Like thousands of other residents of the Capital Regional District, I am proud to claim refugee status from Vancouver, where I lived and worked for 30 years. I love my life here, and I have made many new friends who have welcomed me to the Island.
Yet I have been troubled by how our elected officials and government bureaucrats have sought to manage and delimit the pandemic and fully protect the common good. In 30 years of teaching history at UBC, I often turned to the idea of protecting the common good to conclude discussions not only about oppressive, totalitarian regimes, but also about market-based societies that had drifted afar from the deep-rooted Anglo-American injunction to protect the well-being of all the people – the commonwealth – as it has been called for centuries.

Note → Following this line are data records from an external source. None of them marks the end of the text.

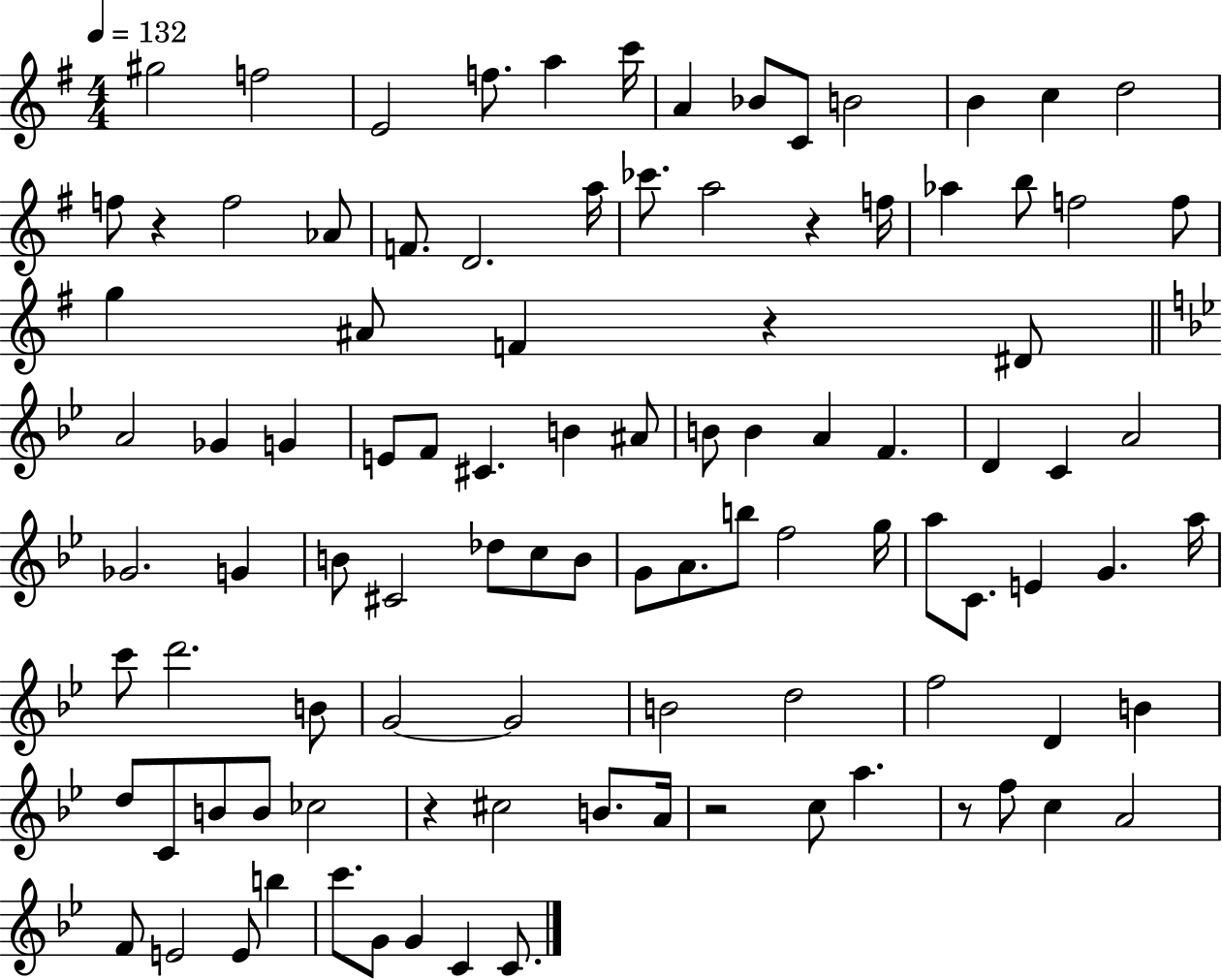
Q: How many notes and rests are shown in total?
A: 100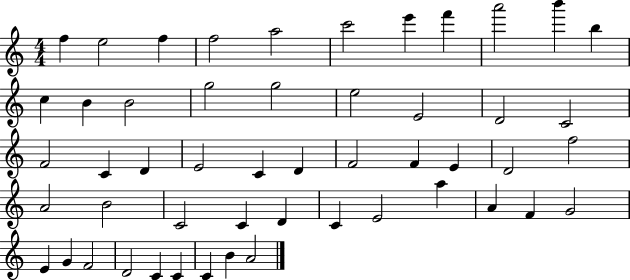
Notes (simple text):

F5/q E5/h F5/q F5/h A5/h C6/h E6/q F6/q A6/h B6/q B5/q C5/q B4/q B4/h G5/h G5/h E5/h E4/h D4/h C4/h F4/h C4/q D4/q E4/h C4/q D4/q F4/h F4/q E4/q D4/h F5/h A4/h B4/h C4/h C4/q D4/q C4/q E4/h A5/q A4/q F4/q G4/h E4/q G4/q F4/h D4/h C4/q C4/q C4/q B4/q A4/h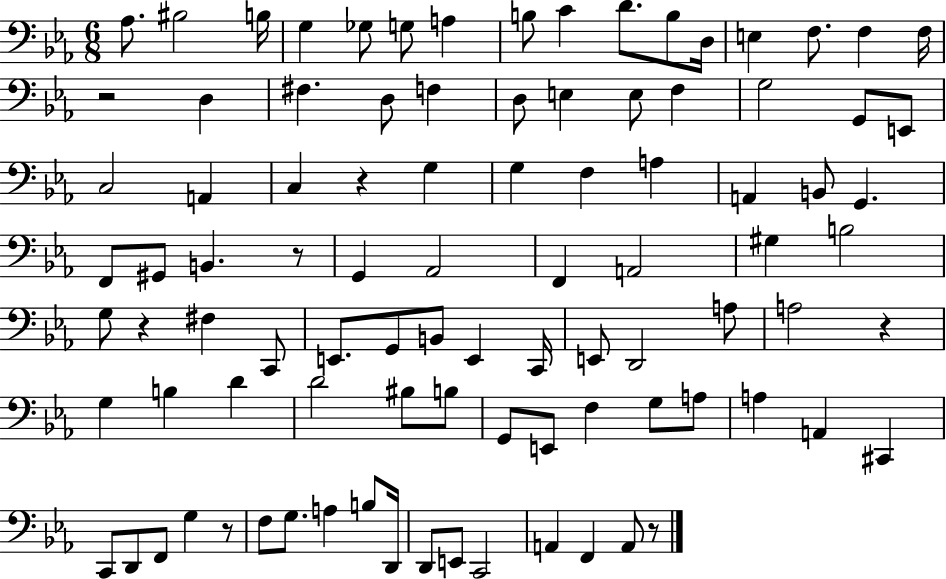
X:1
T:Untitled
M:6/8
L:1/4
K:Eb
_A,/2 ^B,2 B,/4 G, _G,/2 G,/2 A, B,/2 C D/2 B,/2 D,/4 E, F,/2 F, F,/4 z2 D, ^F, D,/2 F, D,/2 E, E,/2 F, G,2 G,,/2 E,,/2 C,2 A,, C, z G, G, F, A, A,, B,,/2 G,, F,,/2 ^G,,/2 B,, z/2 G,, _A,,2 F,, A,,2 ^G, B,2 G,/2 z ^F, C,,/2 E,,/2 G,,/2 B,,/2 E,, C,,/4 E,,/2 D,,2 A,/2 A,2 z G, B, D D2 ^B,/2 B,/2 G,,/2 E,,/2 F, G,/2 A,/2 A, A,, ^C,, C,,/2 D,,/2 F,,/2 G, z/2 F,/2 G,/2 A, B,/2 D,,/4 D,,/2 E,,/2 C,,2 A,, F,, A,,/2 z/2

In recent days, my tennis pals, who often play at the Panorama Recreation Centre, have reported their growing concerns about the absence of any such injunction from the CRD, which has yet to order employees to be fully vaccinated. And these pals also have reported that no one at the Panorama swimming pool evidently has been checking the vaccination status of patrons. I have spoken with high-ranking officials at Panorama and at the CRD and, while acknowledging that they understand the importance of guaranteeing employee health, these officials have said they are powerless, “for legal reasons,” to force employee compliance with the vaccination edicts rightly imposed upon the general public.
I hope that Panorama and the CRD can find a way to take the appropriate measures to protect everyone. For what it is worth, I would say this is not a question of protecting individual “freedom.” The plain fact is our country has long privileged the commonwealth over the wishes of individuals to do whatever they want. For freedom is not merely a question of having nothing else to lose: it does not include this right because, in the matter at hand, such freedom means persons other than yourself might have to accept the dire consequences of such freedom – consequences including death.